An aging Dell Vostro 1000 ended up on my desk the other day. The owner said it had died, when he turned it on some LEDs lit up, but there was no display. It turned out that the backlight which illuminates the LCD panel was not working. This is a common problem with older laptops. A bright flashlight aimed at the screen revealed the ghostly faint image of a Windows desktop struggling to be seen. The backlight is actually an edge light that illuminates a panel behind the LCD screen. On older laptops and LCD monitors this is a compact florescent light (CFL). Many newer displays use LEDs as the light source. A CFL is kind of a miniature version of florescent office light tubes. Just like florescent office lights needs a high voltage ballast to excite the gasses in the tube, a CFL needs an “inverter”. The backlight inverter is by far the more common failure point in an inverter & CFL system. Replacement kits with both the CFL and inverter for most laptops are available on eBay, but I’d recommend just trying the inverter board to start with. The cost is usually less than $5 shipped.
Since I was stuck repairing this dinosaur, I figured I’d document the process for the benefit of anyone else finding themselves in a similar situation.
You’ll want to gather some tools, a small Phillips-head screw driver, a small flat-head screw driver or spudger, some double-sided tape and a pry tool.
Pry tools are nice for opening plastic enclosures of electronics as the soft plastic of the pry tool often gives way before the work material which helps to prevent marring the device. Pry tools can be picked up for cheap on eBay. Guitar picks are also useful for this purpose.
First, remove the battery from the laptop to prevent accidental powering on the device while working with it.
Carefully pry off the rubber bumpers covering the screws on the LCD bezel. I used a small flat-head screw driver. I attempted to insert the screw driver head under the edge of the rubber bumpers to prevent tearing them. If you’re lucky you’ll take the adhesive material with you. If not you’ll need to replace the adhesive with a small bit of your double-sided tape later. Do not glue these back in place, it will be a mess and whoever opens the screen next will curse your name.
Locate and remove the rubber bumpers and screws and the indicated locations.
Locate the gap in the upper right area above the keyboard, this will make a good pry point to begin loosening the bezel with the power button on it.

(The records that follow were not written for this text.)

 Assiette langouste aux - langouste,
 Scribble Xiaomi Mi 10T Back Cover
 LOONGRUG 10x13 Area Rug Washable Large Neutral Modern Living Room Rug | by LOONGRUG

Using a firm, but not forceful prying or subtle twisting action of the pry tool, you should feel the bezel loosen as you move along the perimeter. Continue to work around the bezel as shown
The bezel is now off exposing some screws, however we don’t need to do anything with those screw. This piece was removed to make it easier to access the monitor bezel.
Work the pry tool into a separation in the LCD bezel. I worked around the frame twisting the pry tool slightly, and the front came off without a problem.
The LCD bezel should be off now.
We can see the back of the inverter (in the red square). Remove the single screw holding the inverter in place (shown in the red circle).
Look on the left and right edges of the LCD panel. There are screws attaching the panel to the rest of the screen assembly that will need to be removed. The right side is shown with the screws of interest circled in red.
With the screws removed from each side, find the two metal tabs near the top of the LCD panel. They make a useful point to carefully grip the LCD panel and flip it downward gently onto the keyboard as shown.
Remove the new inverter from it’s packaging, and verify that the part correctly matches the old inverter.
The control connector for the inverter board is shown below (circled in red). Carefully pull upward on the blue tab to free the connector from the board.
On the other side of the board, unplug the high voltage power feed.
The inverter will take some work to free, as there is some strong double-sided tape found underneath.
Replace the double-sided tape if necessary, then insert the new inverter. Carefully flip the LCD panel back up into position and secure with the screws you removed earlier. Don’t forget to reinsert the small screw that holds the inverter in place. Reattach the LCD bezel, it should snap back together with light pressure.
When reattaching the bezel with the power button, insert the left-hand side first. There are two tabs that must be inserted under the slots (shown circled in red).
Replace the screws on the LCD bezel front. Add a small amount of double-sided tape if necessary to the rubber bumpers to secure them back in place.
Reinsert the battery and power on the laptop. If everything worked out, you should have a working backlight again. If the problem persists you may have purchased a bum backlight inverter or the CFL might have actually died, in which case maybe it’s time to break down and buy a CFL & backlight kit. or just get a new laptop.